_WHAT TO PRODUCE_
Pictures are not part of the answer. Return the lines from the one containing "Healed irezumi chest" through the end of the data, both included, exactly as they appear.
-*-
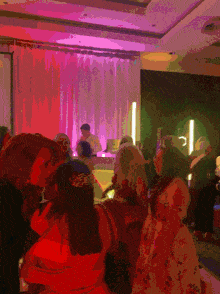 a group of people gathered in a room with purple lights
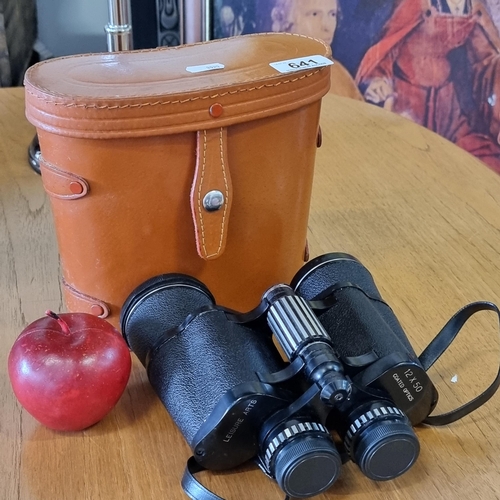 641 - A pair of Leisure Arts binoculars with 12 x 50 magnification in original hard tan leather carry case... 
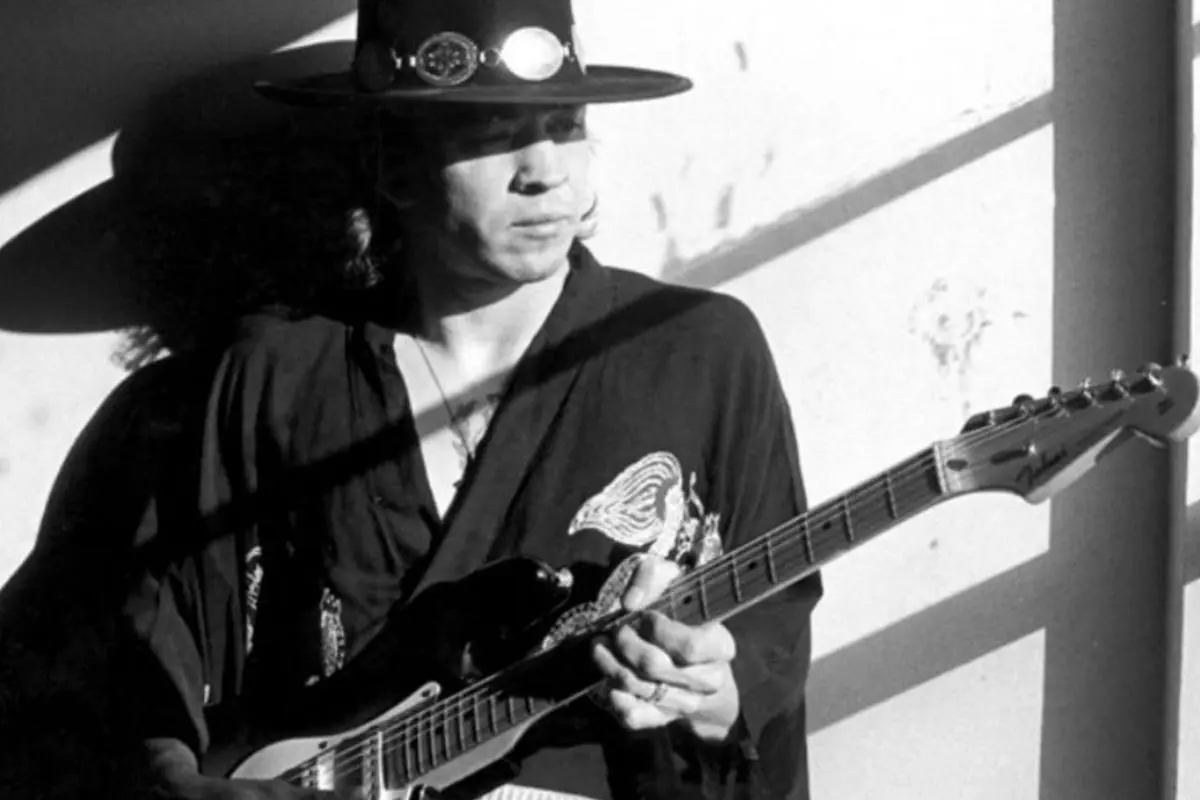 Black-and-white photo of Stevie Ray Vaughan playing electric guitar under dramatic lighting.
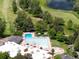 Aerial shot of the sparkling community pool with sun umbrellas and lounge seating areas at 3889 S Fraser St, Aurora, CO 80014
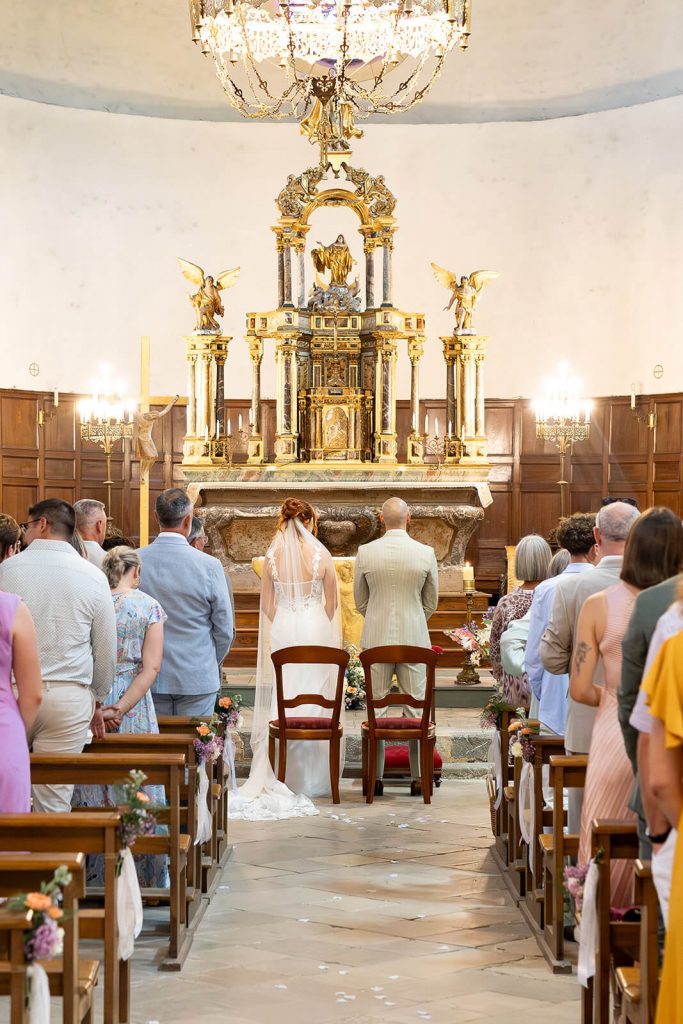 Cérémonie de mariage à l'église, on voit le couple de mariés debout devant l'autel, avec tous leurs proches derrière eux. Une photo de mariage créée par Meyline Esparcieux, photographe de mariage dans les Landes, basée à Dax.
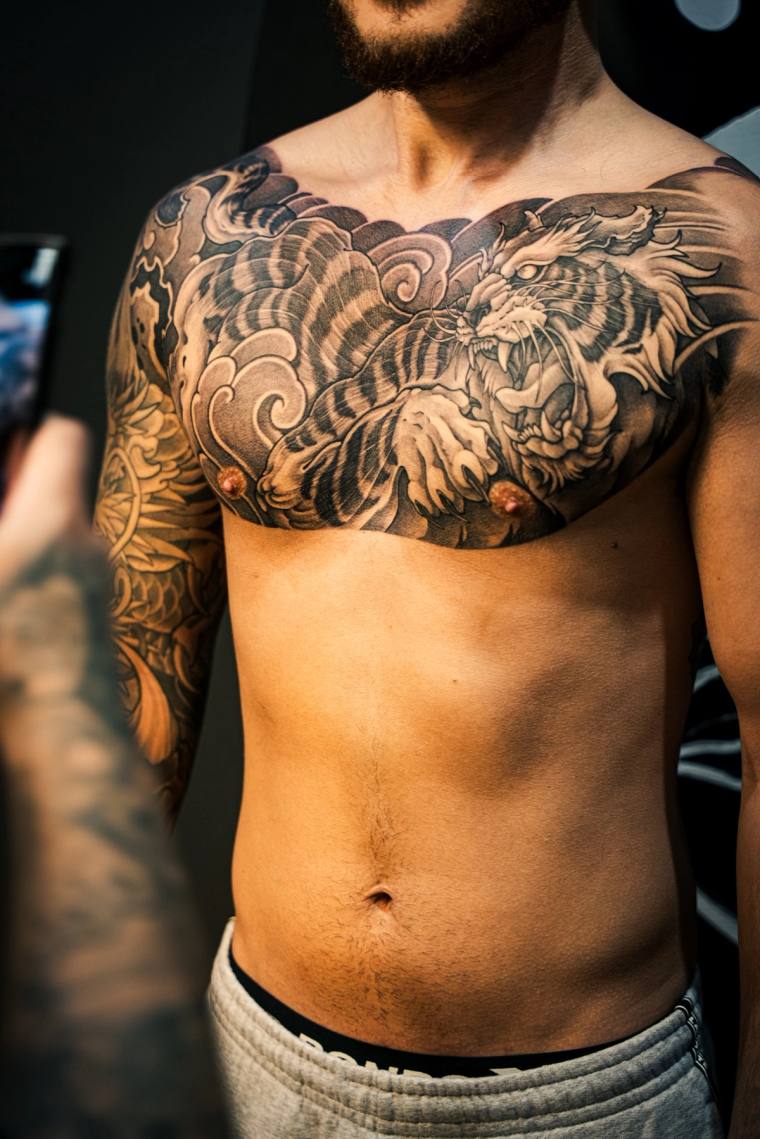 Healed irezumi chest tattoo of a roaring tiger amid swirling waves and clouds on a man's torso, with matching sleeve visible.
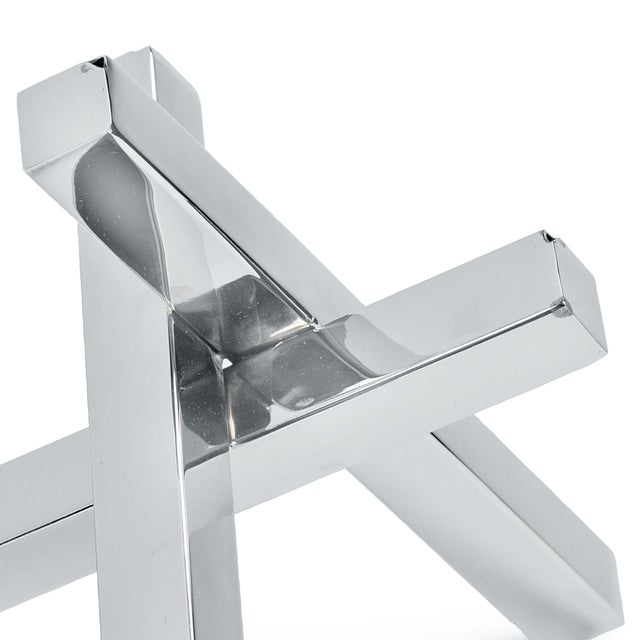 An elegant form of balance and depth, the Intersecting sculpture’s polished nickel finish would be right at home in a...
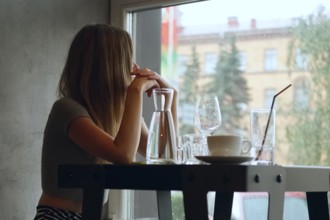 Soft focus portrait of pretty young girl behind the table with cold cocktail and wine glass. (Image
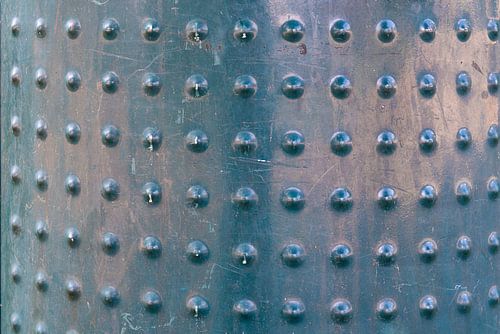 Metal with studs blue green.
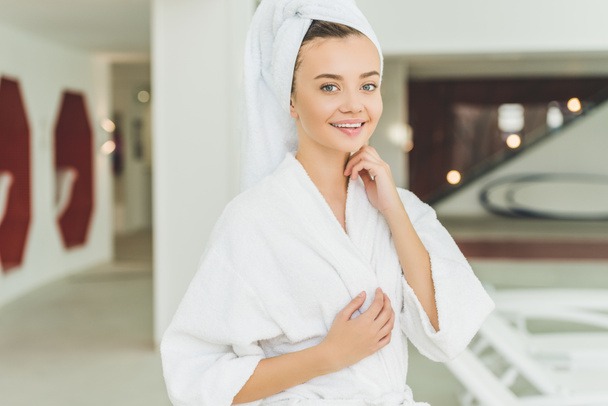 hermosa mujer joven en albornoz y toalla en la cabeza en el salón de spa
 - Foto, Imagen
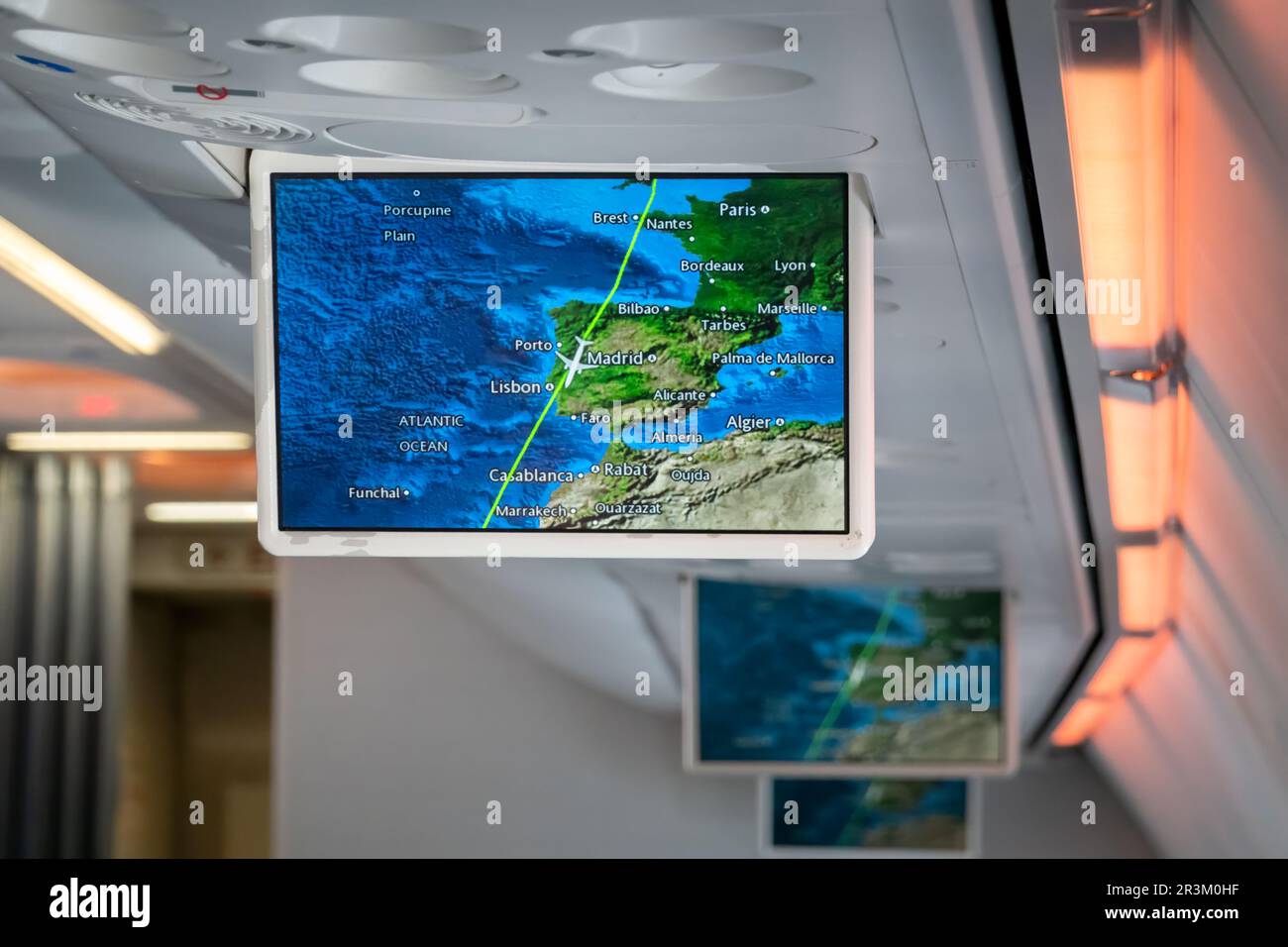 A drop down screen in an passenger aircraft cabin displays flight information for passengers with the panes current position shown on a map Stock Photo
-*-
_WRITTEN REPLY_
 Healed irezumi chest tattoo of a roaring tiger amid swirling waves and clouds on a man's torso, with matching sleeve visible.
 An elegant form of balance and depth, the Intersecting sculpture’s polished nickel finish would be right at home in a...
 Soft focus portrait of pretty young girl behind the table with cold cocktail and wine glass. (Image
 Metal with studs blue green.
 hermosa mujer joven en albornoz y toalla en la cabeza en el salón de spa
 - Foto, Imagen
 A drop down screen in an passenger aircraft cabin displays flight information for passengers with the panes current position shown on a map Stock Photo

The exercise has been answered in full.